DC908 Talk - Peeling Back the Layers of Security Operations: Security Onion

Talk Synopsis:
The AI hype crowd says "just pipe everything to ChatGPT." The DIY crowd says "build a custom pipeline with Ollama." Both miss the point.

Security Onion is now a security LLM platform which now has AI built directly into the console. Not bolted on. Not a wrapper around an API. Built in.

Today I'm going to deploy Security Onion in Azure, throw real attack traffic at it, and show you what Onion AI actually does with that data — the good, the bad, and the hallucinated.

Speaker:
Rish is currently a Cybersecurity Analyst at Darktrace, specializing in SOC operations, threat investigation, and open-source threat intelligence across 100+ client environments with additional experience at Brother International, SIEM/EDR platforms, and projects in phishing simulation and AI-driven security tools.
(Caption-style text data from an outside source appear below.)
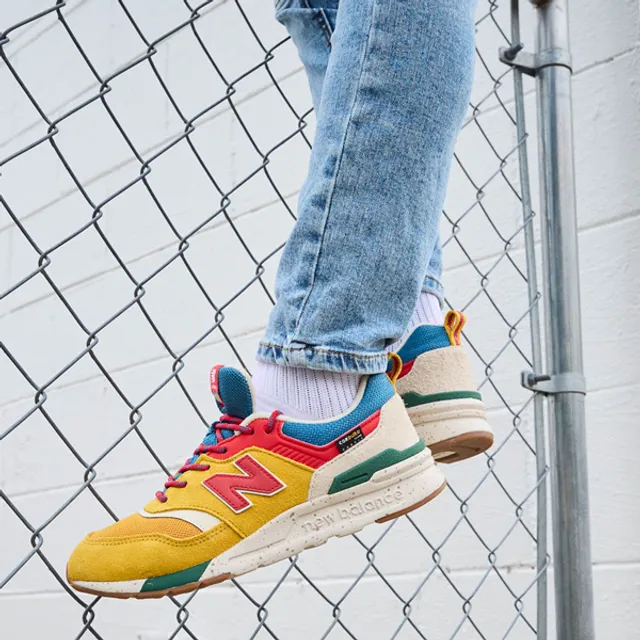 Womens New Balance 997H Athletic Shoe - Red / Multicolor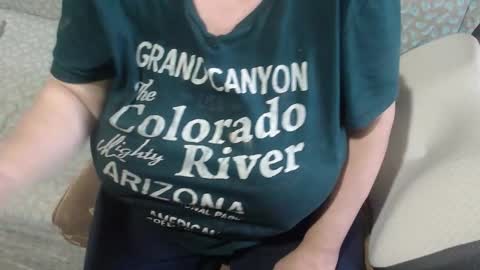 Snapshot of new_milf chatting on September 2025 04:14:02 AM Lilly online show from September 2025 04:14:02 AM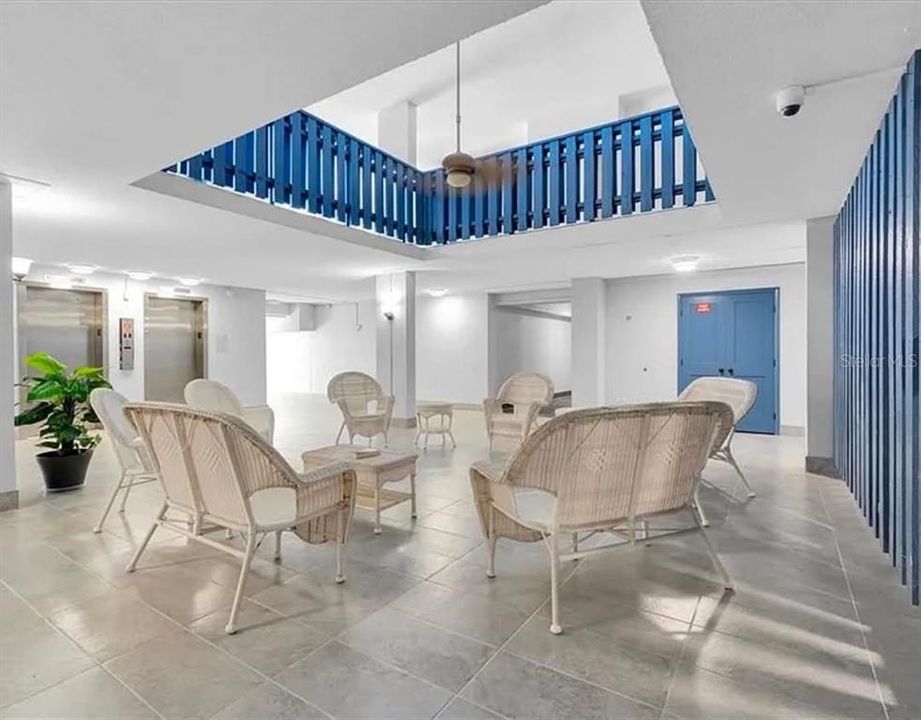 For Rent: $2,200 (1 beds, 1 baths, 885 Square Feet)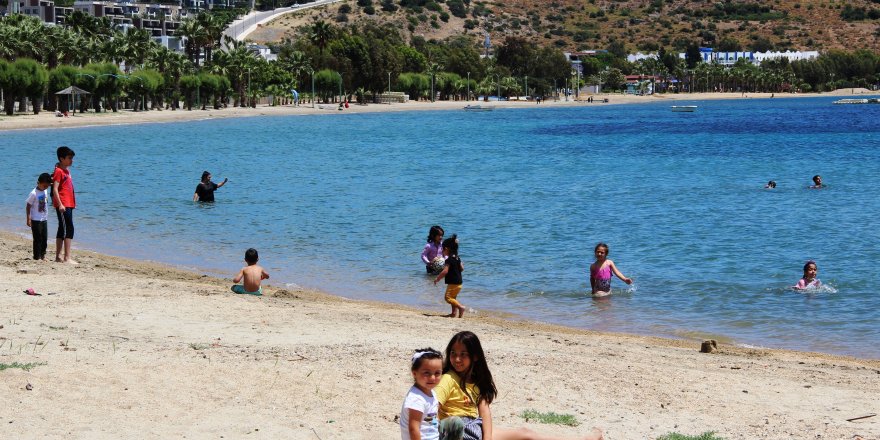 Yasakları dinlemediler, çocuklarını denize soktular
He has his BA in IT & Informatics from Rutgers University with CompTIA Security+, Microsoft Azure, and Darktrace Cyber Analyst certifications.

This event will be in the Main Meeting Room on the first floor.

Schedule:
7:00 - 7:15 - Intro, attendee introductions, resource share
7:15 - 8:00 - Talk
8:00 - 8:15 - Social time
8:30 - 10:00 - Stage House Tavern

Disclaimer:
You may be included in event photos, which will be uploaded to our website and socials.